→ **The problem**: Given these entries, repeat exactly the lines starting with the one that has "Продам квартиру в центре города." and going on through the one that has "Addison Winery Tour", both included, but none of the pictures.

→ **Stored data**:
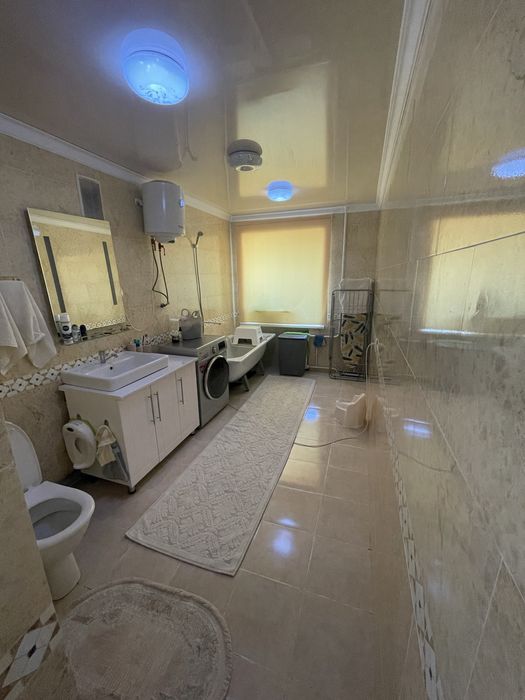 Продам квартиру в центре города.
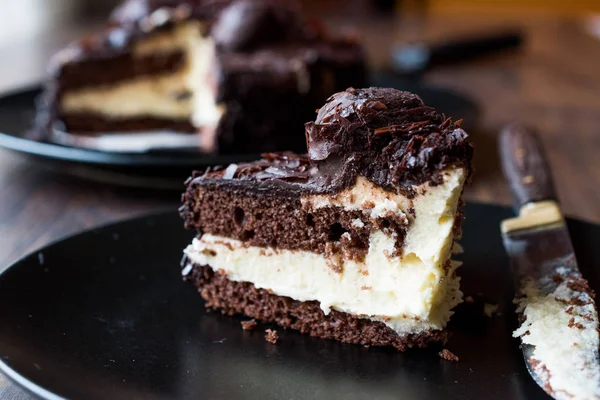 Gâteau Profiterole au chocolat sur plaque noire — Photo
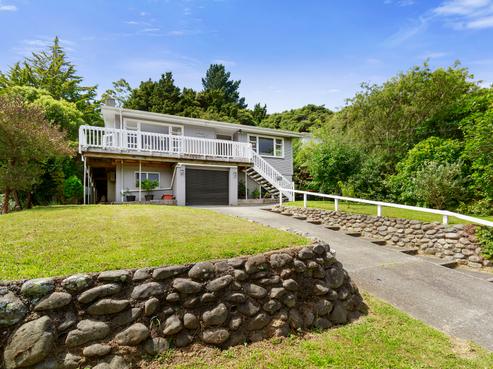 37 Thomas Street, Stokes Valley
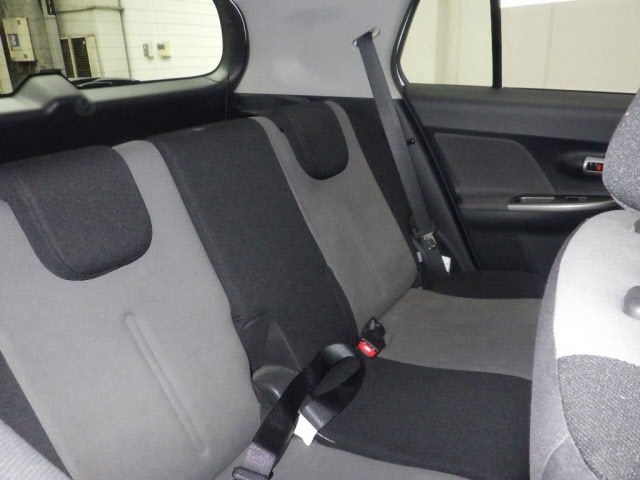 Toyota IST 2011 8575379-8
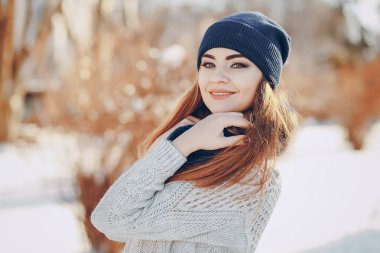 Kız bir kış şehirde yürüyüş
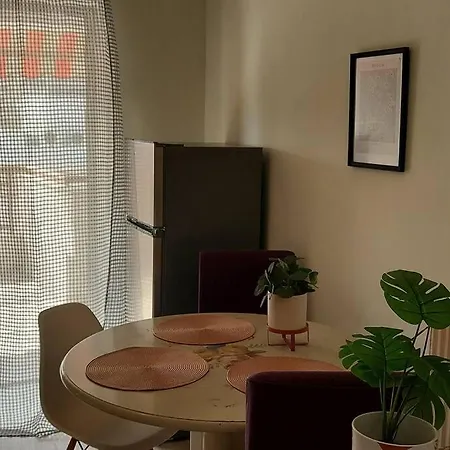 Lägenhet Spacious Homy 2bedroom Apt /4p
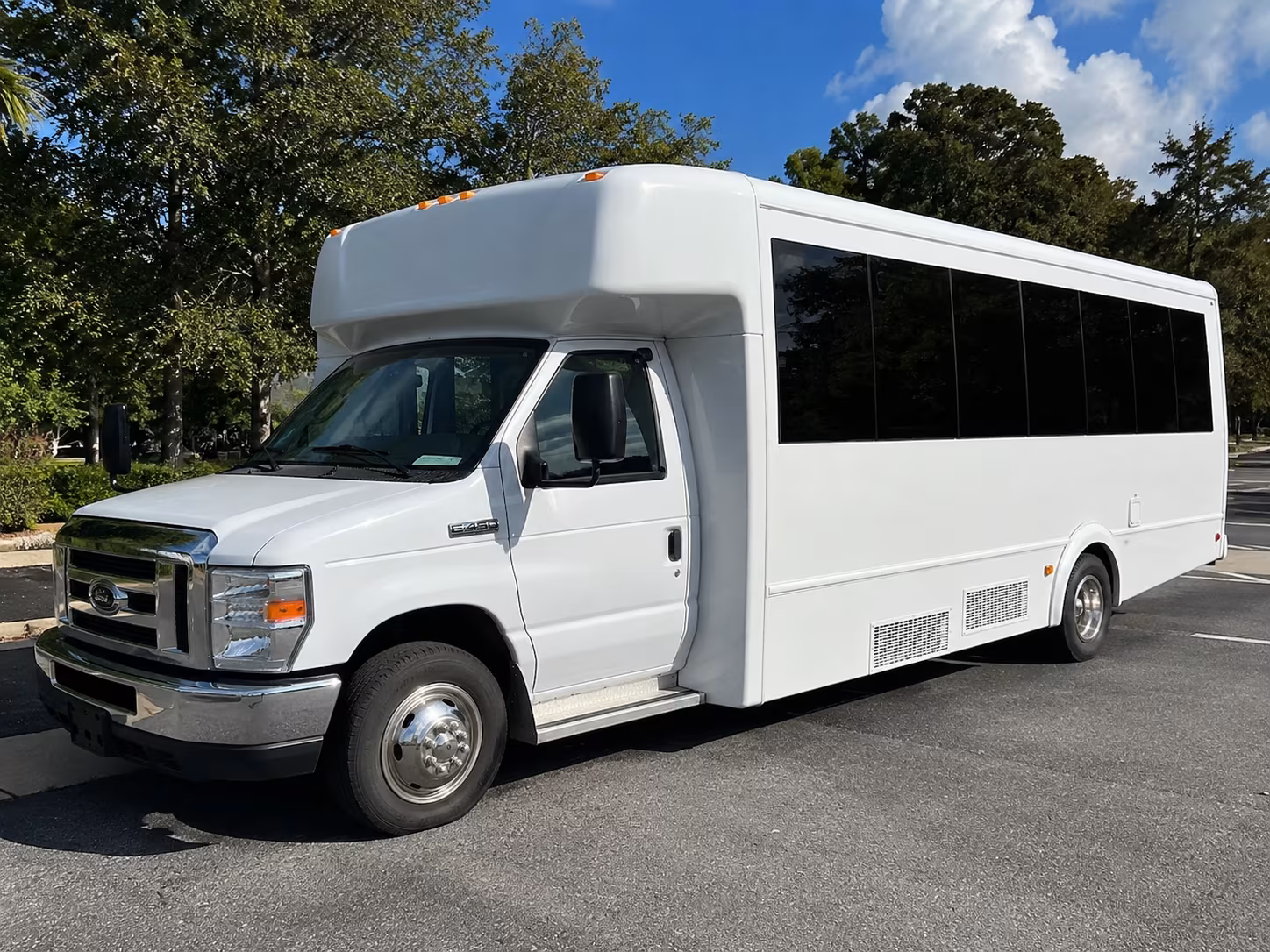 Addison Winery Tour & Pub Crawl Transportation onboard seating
...
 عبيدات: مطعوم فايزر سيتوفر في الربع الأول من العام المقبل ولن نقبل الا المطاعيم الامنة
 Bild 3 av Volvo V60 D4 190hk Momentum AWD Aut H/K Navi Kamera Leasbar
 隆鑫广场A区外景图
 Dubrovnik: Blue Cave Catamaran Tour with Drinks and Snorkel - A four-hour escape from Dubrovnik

→ **Expected answer**:
 Продам квартиру в центре города.
 Gâteau Profiterole au chocolat sur plaque noire — Photo
 37 Thomas Street, Stokes Valley
 Toyota IST 2011 8575379-8
 Kız bir kış şehirde yürüyüş
 Lägenhet Spacious Homy 2bedroom Apt /4p
 Addison Winery Tour & Pub Crawl Transportation onboard seating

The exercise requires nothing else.